[REQUIRED ACTION]:
Look through the records below for the line with "Maggie Valley Cabin". Return that line and each one after it up to and including the line with "Rare 1960s Suede Cage Gladiator Gogo Boots", exactly.

***** PROVIDED RECORDS

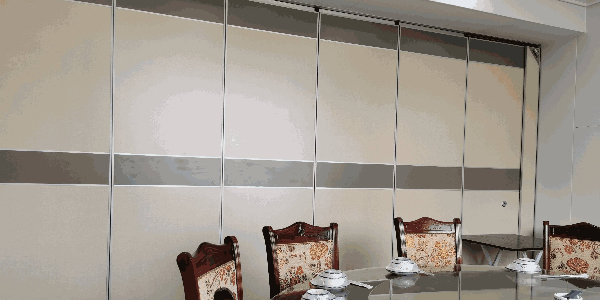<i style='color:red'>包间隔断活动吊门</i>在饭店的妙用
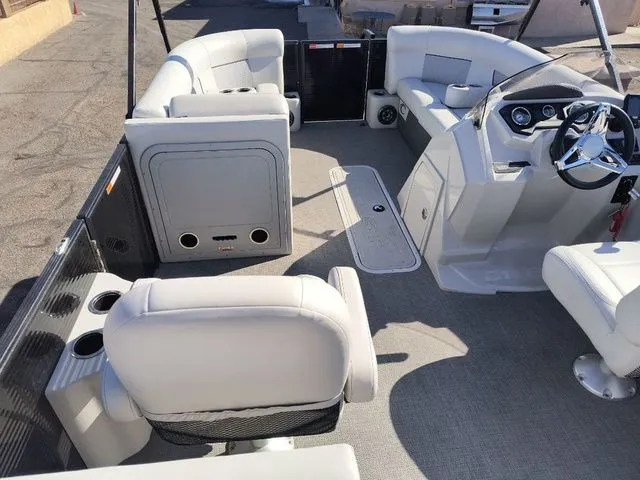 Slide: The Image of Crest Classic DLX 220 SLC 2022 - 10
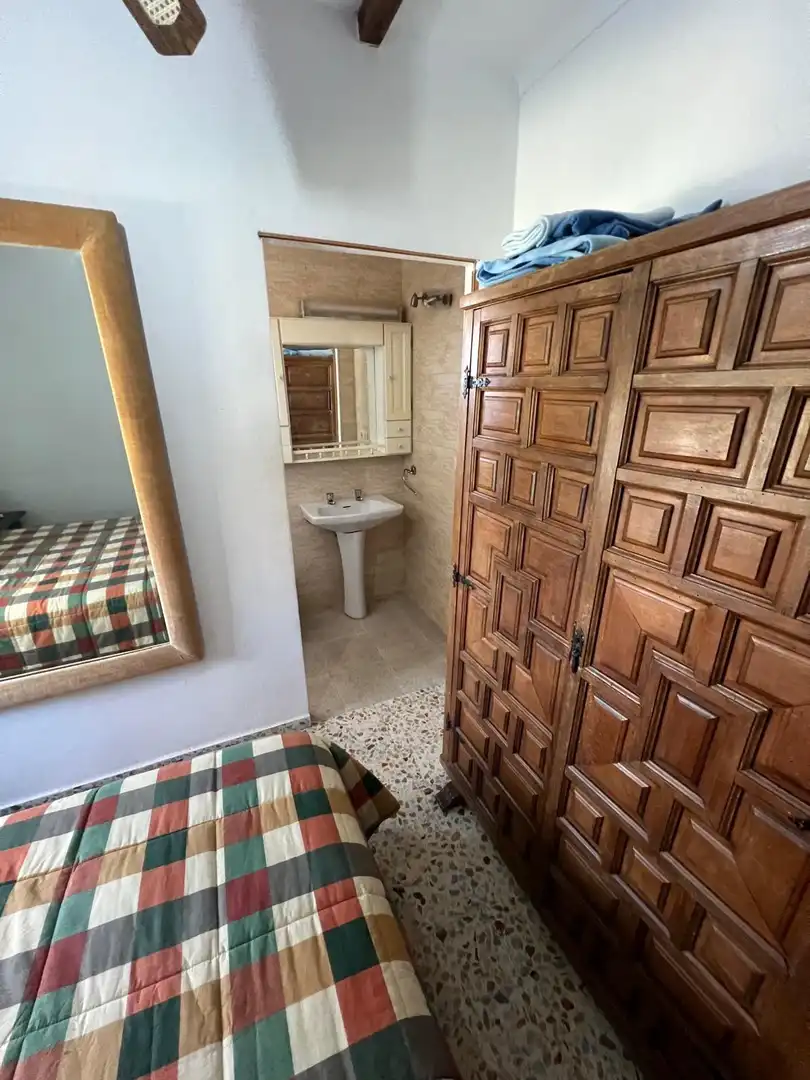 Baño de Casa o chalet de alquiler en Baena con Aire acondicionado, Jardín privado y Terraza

**********
***** PROVIDED RECORDS

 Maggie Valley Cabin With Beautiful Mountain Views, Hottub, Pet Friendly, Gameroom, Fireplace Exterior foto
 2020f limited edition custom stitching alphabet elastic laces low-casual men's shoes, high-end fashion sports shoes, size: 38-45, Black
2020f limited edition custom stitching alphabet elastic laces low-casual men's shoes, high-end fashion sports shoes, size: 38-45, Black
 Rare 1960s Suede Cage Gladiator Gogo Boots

**********

[OUTPUT FOR THIS TASK]:
 Maggie Valley Cabin With Beautiful Mountain Views, Hottub, Pet Friendly, Gameroom, Fireplace Exterior foto
 2020f limited edition custom stitching alphabet elastic laces low-casual men's shoes, high-end fashion sports shoes, size: 38-45, Black
2020f limited edition custom stitching alphabet elastic laces low-casual men's shoes, high-end fashion sports shoes, size: 38-45, Black
 Rare 1960s Suede Cage Gladiator Gogo Boots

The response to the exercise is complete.